*EXERCISE:* Could you transcribe each record below exactly as written, setting the pictures aside?

○ ○ ○ ○

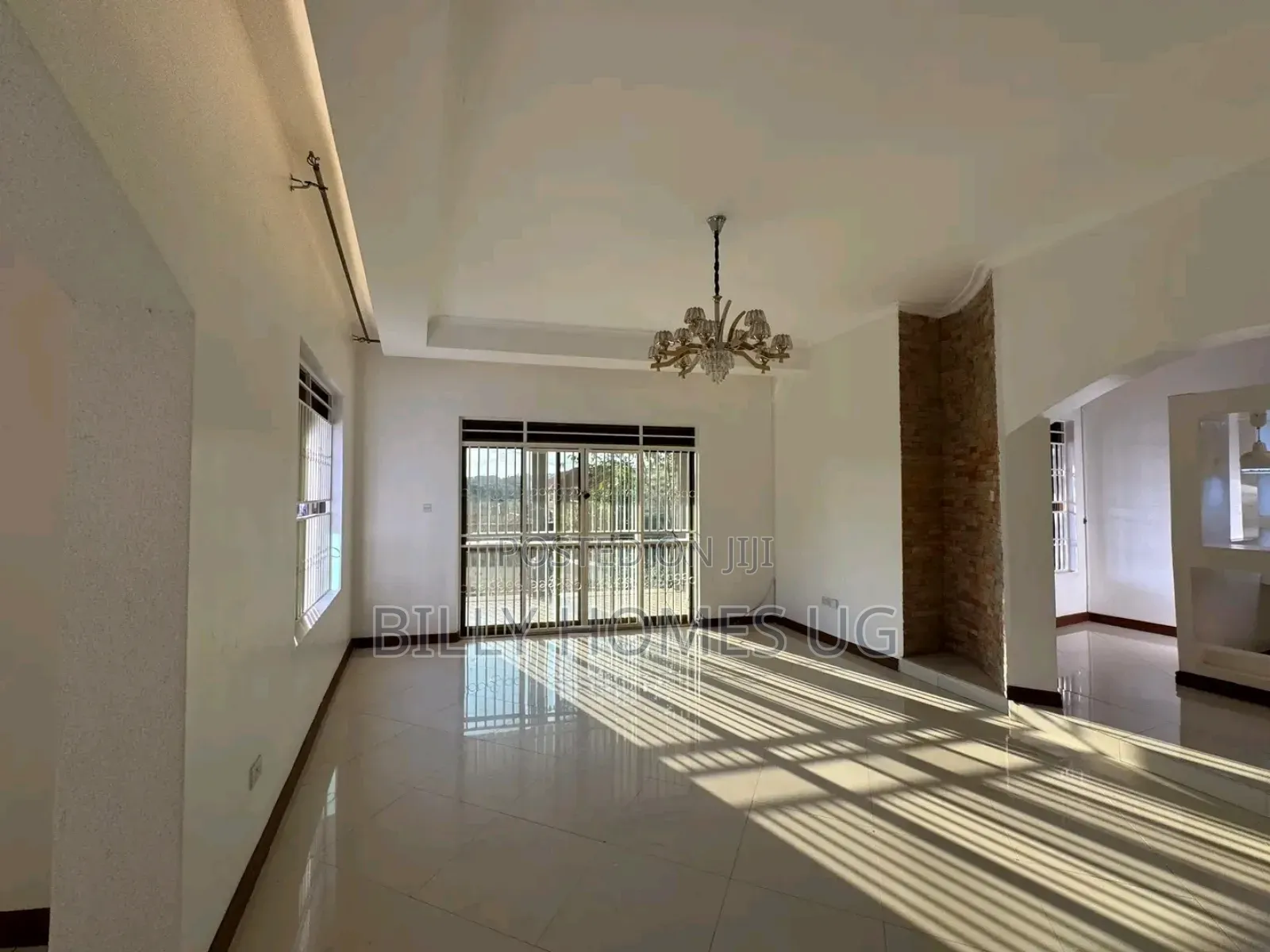 5bdrm Bungalow in Kira for sale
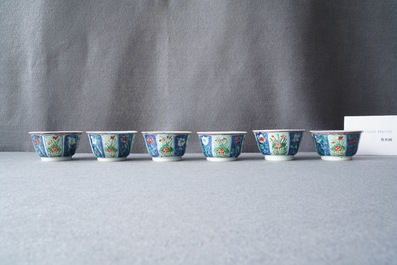 Six tasses et soucoupes en porcelaine de Chine famille verte, Kangxi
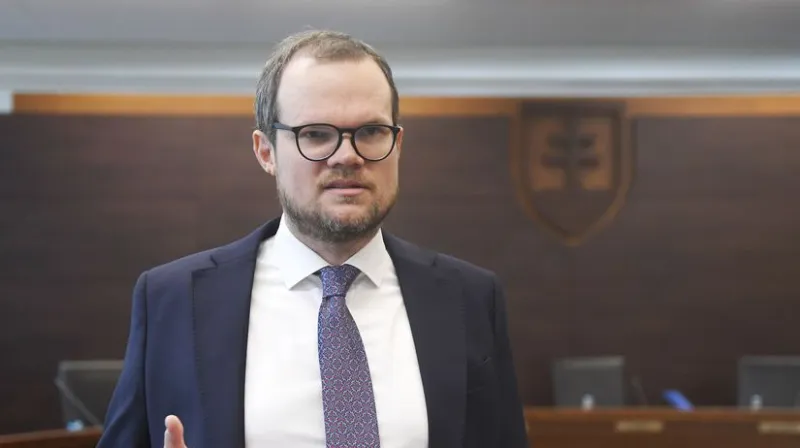 Čurillovi sa za „mafiu“ neospravedlnil a tak advokát posiela na Kollára exekútora - Domáce - Správy - Pravda
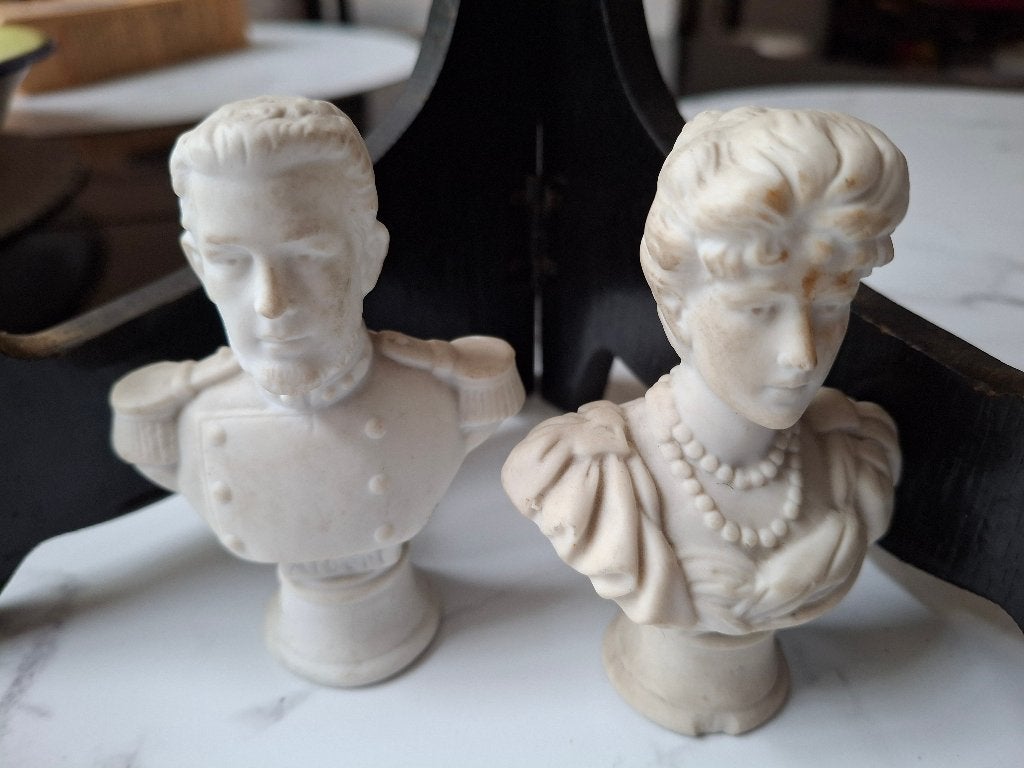 mini bisquit beeldjes Koning Albert - Koningin Elisabeth ., Verzenden, Gebruikt, Overige typen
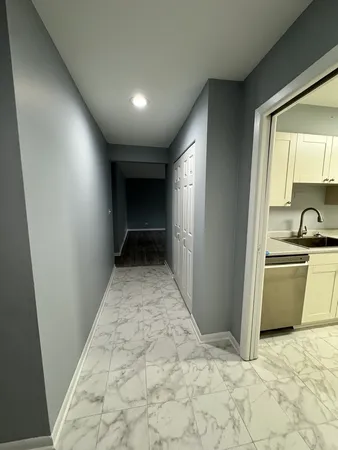 $1,800 | 1920 Cherry Lane, Unit 219, Northbrook, IL 60062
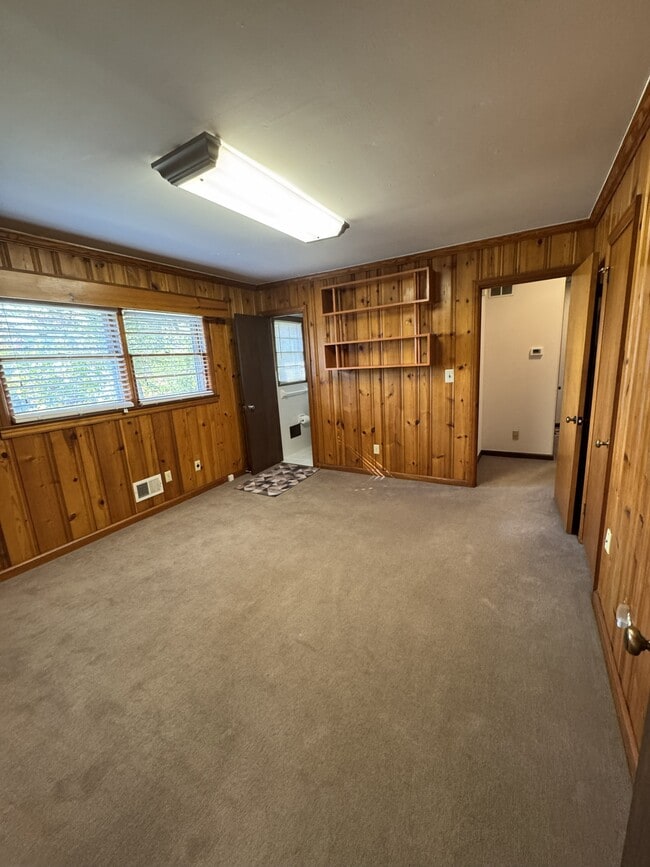 Building Photo - 3820 Orchard Rd SE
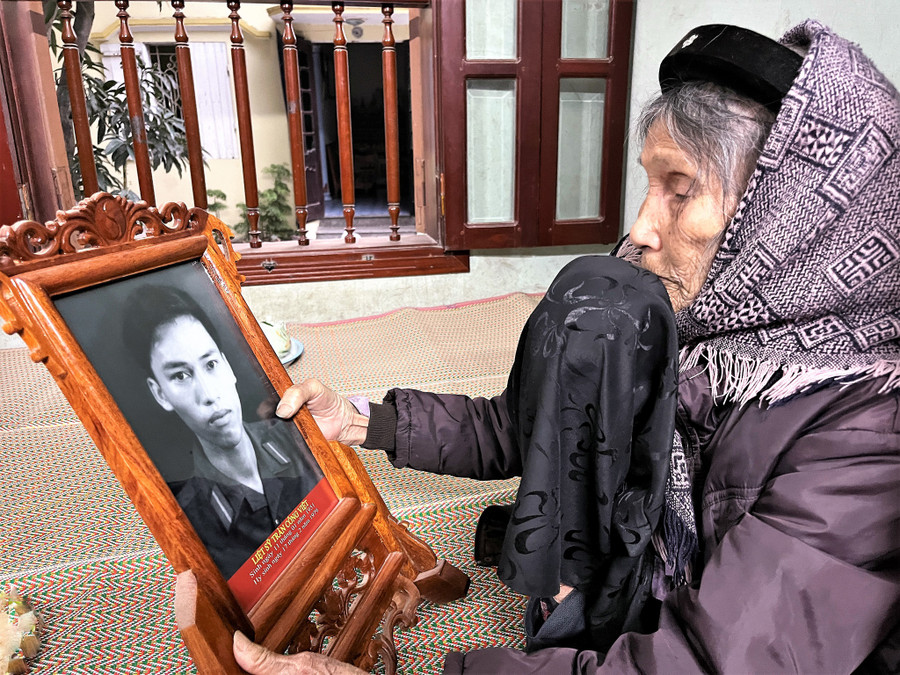 Cụ Trần Thị Lũm ngắm di ảnh con trai Trần Công Việt. Ảnh: Mai Thanh Hải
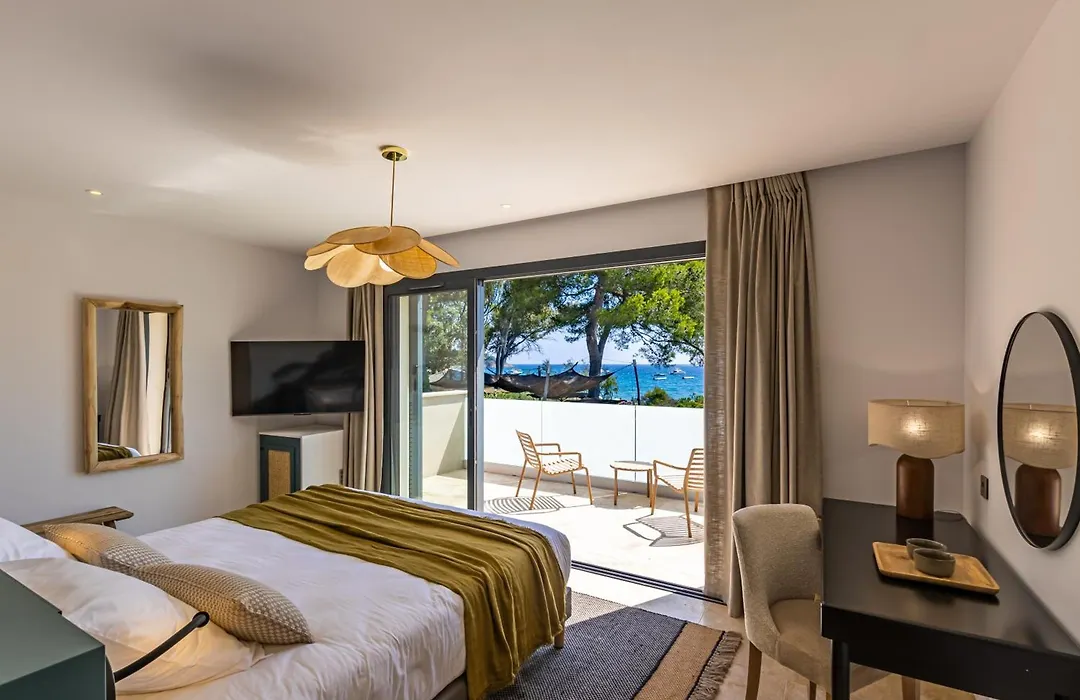 Le Refuge - Gigaro Lodges-1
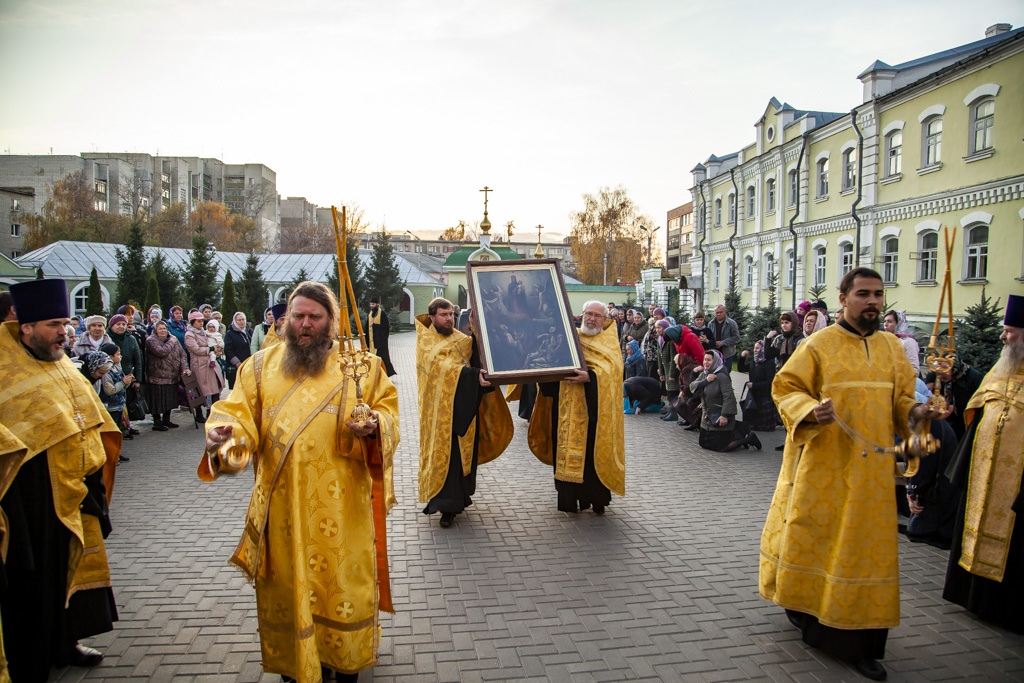 ПРИНЕСЕНИЕ МИРОТОЧИВОЙ ИКОНЫ БОЖИЕЙ МАТЕРИ «ВСЕХ СКОРБЯЩИХ РАДОСТЬ» В ГОРОД ТАМБОВ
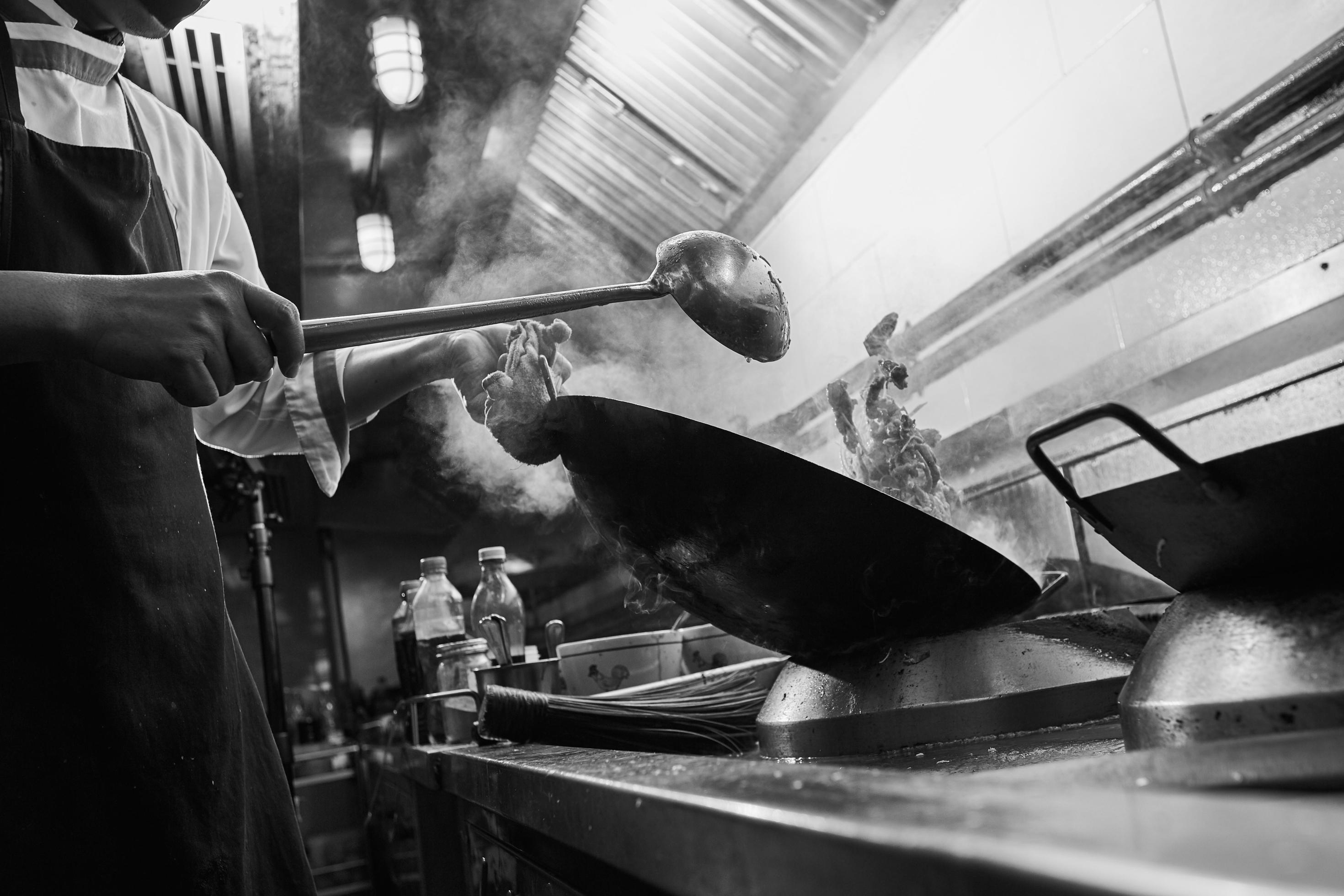 Tar-Rixu chef preparing seafood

○ ○ ○ ○

*REPLY TO THE TASK:*
 5bdrm Bungalow in Kira for sale
 Six tasses et soucoupes en porcelaine de Chine famille verte, Kangxi
 Čurillovi sa za „mafiu“ neospravedlnil a tak advokát posiela na Kollára exekútora - Domáce - Správy - Pravda
 mini bisquit beeldjes Koning Albert - Koningin Elisabeth ., Verzenden, Gebruikt, Overige typen
 $1,800 | 1920 Cherry Lane, Unit 219, Northbrook, IL 60062
 Building Photo - 3820 Orchard Rd SE
 Cụ Trần Thị Lũm ngắm di ảnh con trai Trần Công Việt. Ảnh: Mai Thanh Hải
 Le Refuge - Gigaro Lodges-1
 ПРИНЕСЕНИЕ МИРОТОЧИВОЙ ИКОНЫ БОЖИЕЙ МАТЕРИ «ВСЕХ СКОРБЯЩИХ РАДОСТЬ» В ГОРОД ТАМБОВ
 Tar-Rixu chef preparing seafood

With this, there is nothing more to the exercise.